**REQUIRED WORK**
Whenever a picture appears in the data, skip it and write out all other material exactly.

DATA EXTRACT: Begin

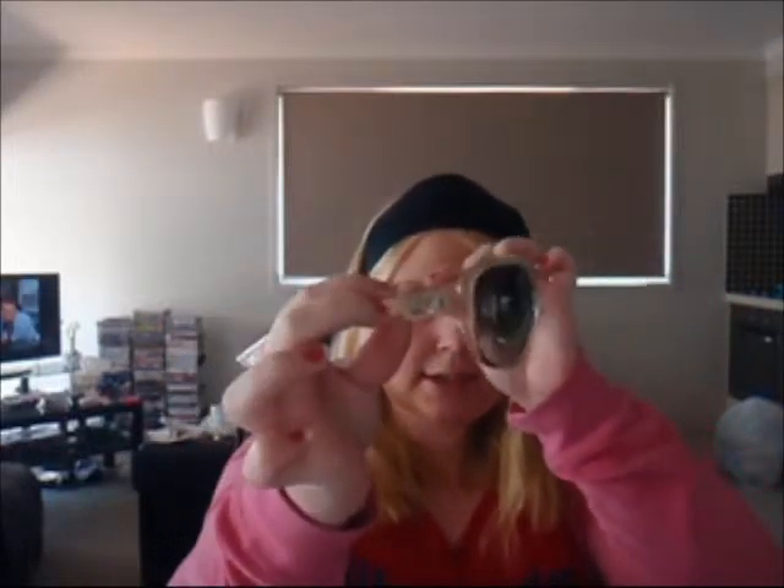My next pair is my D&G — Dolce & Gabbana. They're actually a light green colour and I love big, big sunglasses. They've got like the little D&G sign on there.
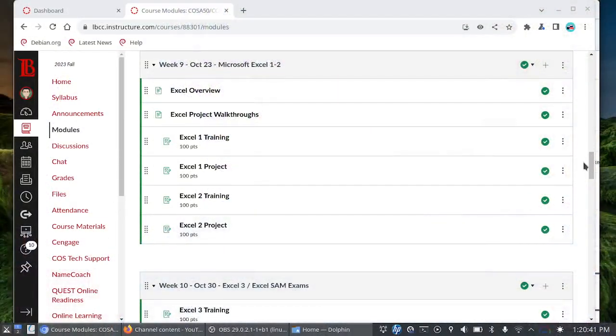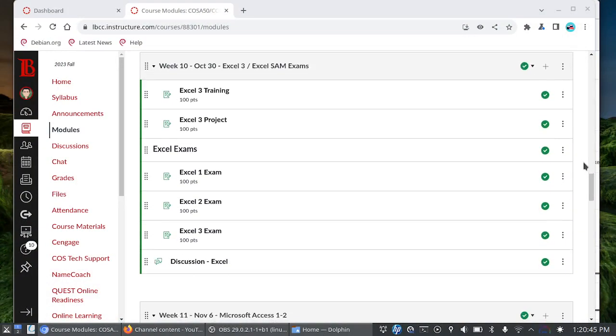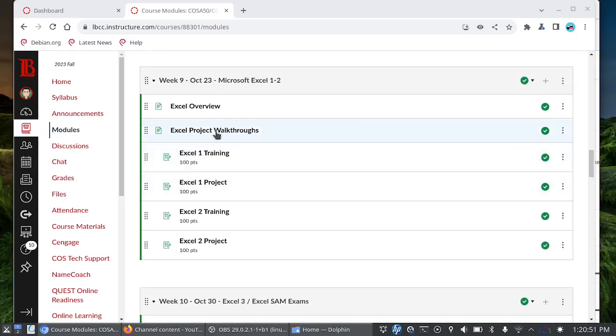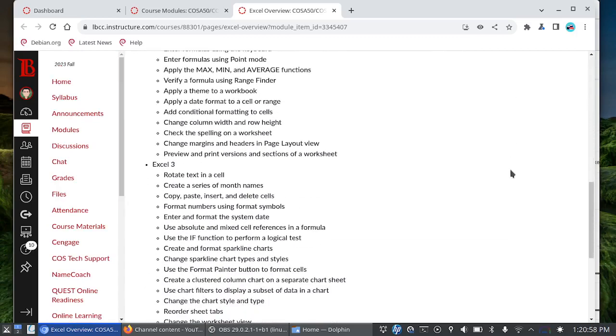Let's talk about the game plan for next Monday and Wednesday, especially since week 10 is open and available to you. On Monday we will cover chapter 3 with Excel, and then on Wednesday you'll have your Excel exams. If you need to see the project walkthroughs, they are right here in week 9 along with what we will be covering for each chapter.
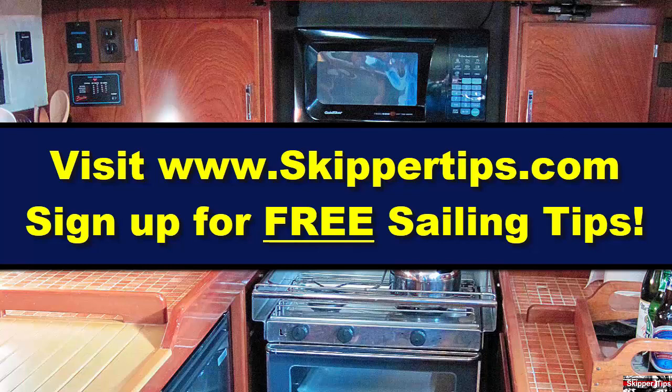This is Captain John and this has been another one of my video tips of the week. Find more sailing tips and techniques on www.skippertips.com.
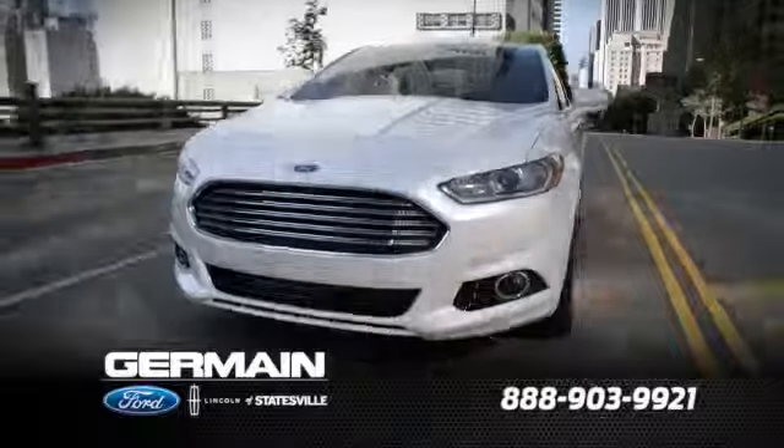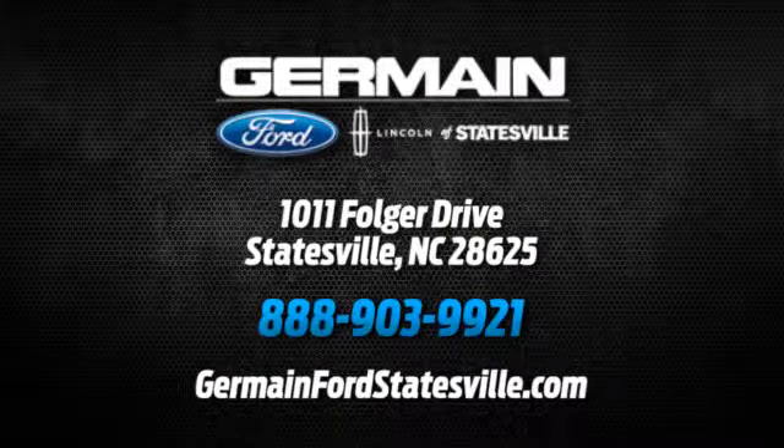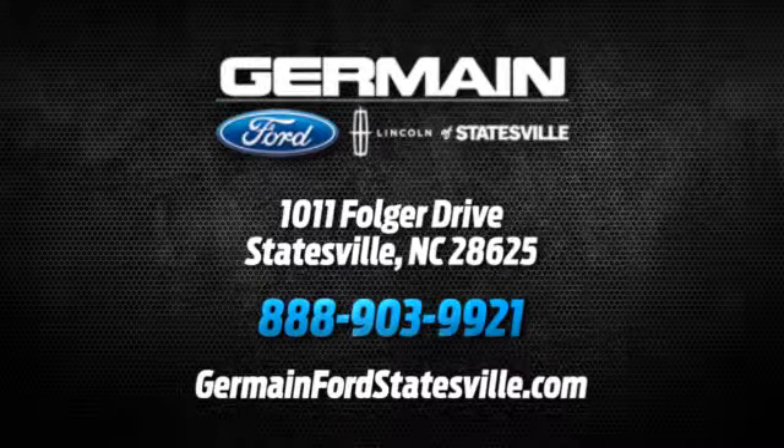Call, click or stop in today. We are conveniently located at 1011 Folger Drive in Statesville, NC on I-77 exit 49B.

DATA EXTRACT: End

**REPLY TO THE EXERCISE**
My next pair is my D&G — Dolce & Gabbana. They're actually a light green colour and I love big, big sunglasses. They've got like the little D&G sign on there.
Let's talk about the game plan for next Monday and Wednesday, especially since week 10 is open and available to you. On Monday we will cover chapter 3 with Excel, and then on Wednesday you'll have your Excel exams. If you need to see the project walkthroughs, they are right here in week 9 along with what we will be covering for each chapter.
This is Captain John and this has been another one of my video tips of the week. Find more sailing tips and techniques on www.skippertips.com.
Call, click or stop in today. We are conveniently located at 1011 Folger Drive in Statesville, NC on I-77 exit 49B.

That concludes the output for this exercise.